Short web captions:
Segment Open
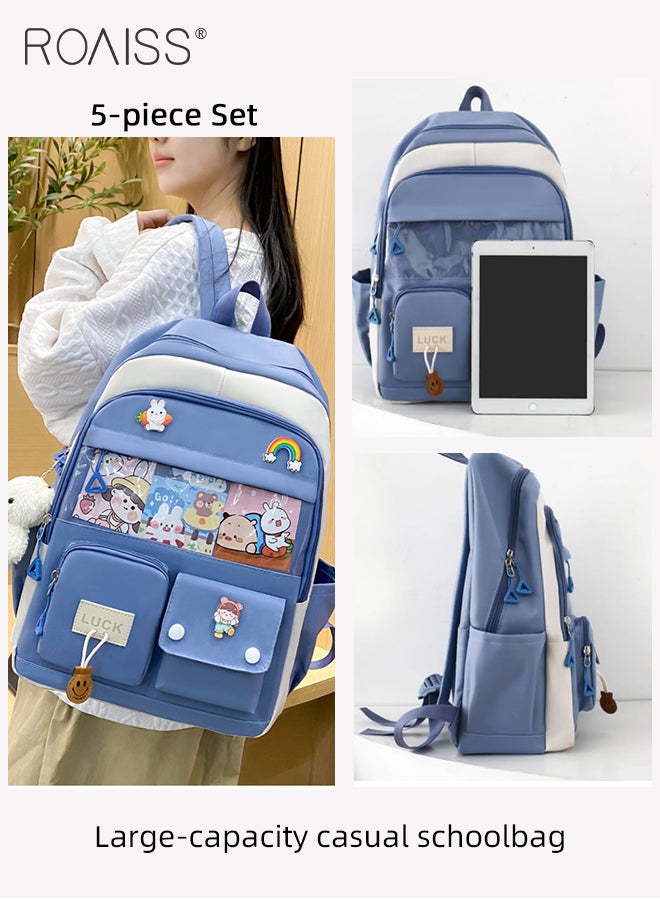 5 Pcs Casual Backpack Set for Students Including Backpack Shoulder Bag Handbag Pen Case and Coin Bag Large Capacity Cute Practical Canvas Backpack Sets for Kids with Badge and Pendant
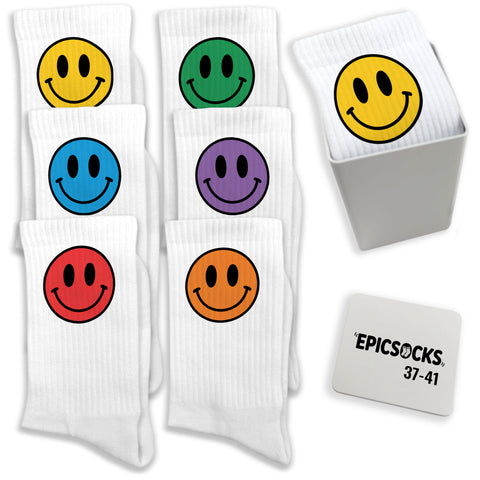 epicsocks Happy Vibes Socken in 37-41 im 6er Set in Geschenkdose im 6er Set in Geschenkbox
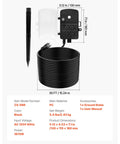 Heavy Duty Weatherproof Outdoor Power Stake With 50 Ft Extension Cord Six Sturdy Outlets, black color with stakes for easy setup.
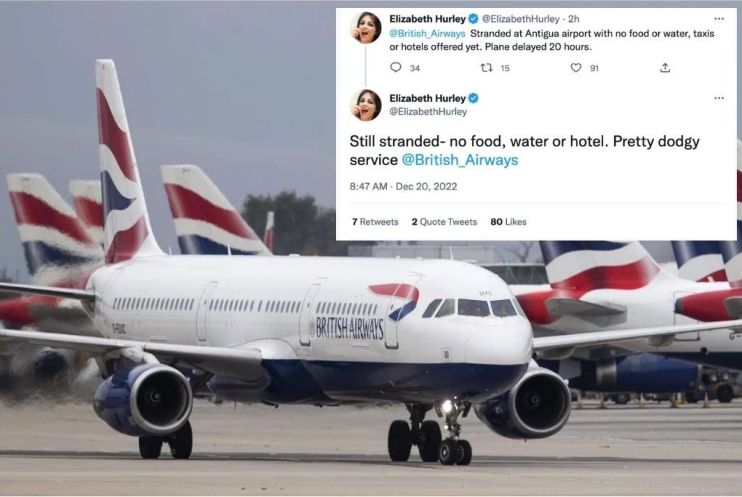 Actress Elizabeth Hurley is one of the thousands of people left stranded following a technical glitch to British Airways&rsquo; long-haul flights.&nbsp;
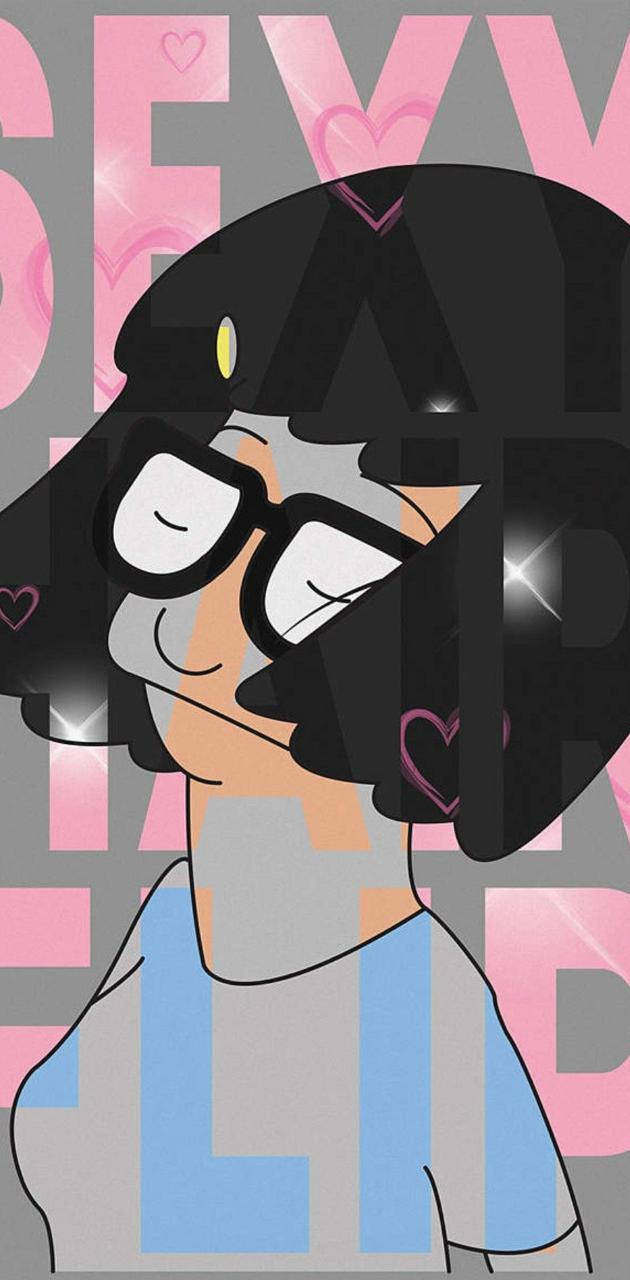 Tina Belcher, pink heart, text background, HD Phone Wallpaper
Segment Closed
EXERCISE
Through the line containing "Actress Elizabeth Hurley" and no further, restate the data above word for word from its first line, leaving out pictures.

ANSWER TO THIS TASK
 5 Pcs Casual Backpack Set for Students Including Backpack Shoulder Bag Handbag Pen Case and Coin Bag Large Capacity Cute Practical Canvas Backpack Sets for Kids with Badge and Pendant
 epicsocks Happy Vibes Socken in 37-41 im 6er Set in Geschenkdose im 6er Set in Geschenkbox
 Heavy Duty Weatherproof Outdoor Power Stake With 50 Ft Extension Cord Six Sturdy Outlets, black color with stakes for easy setup.
 Actress Elizabeth Hurley is one of the thousands of people left stranded following a technical glitch to British Airways&rsquo; long-haul flights.&nbsp;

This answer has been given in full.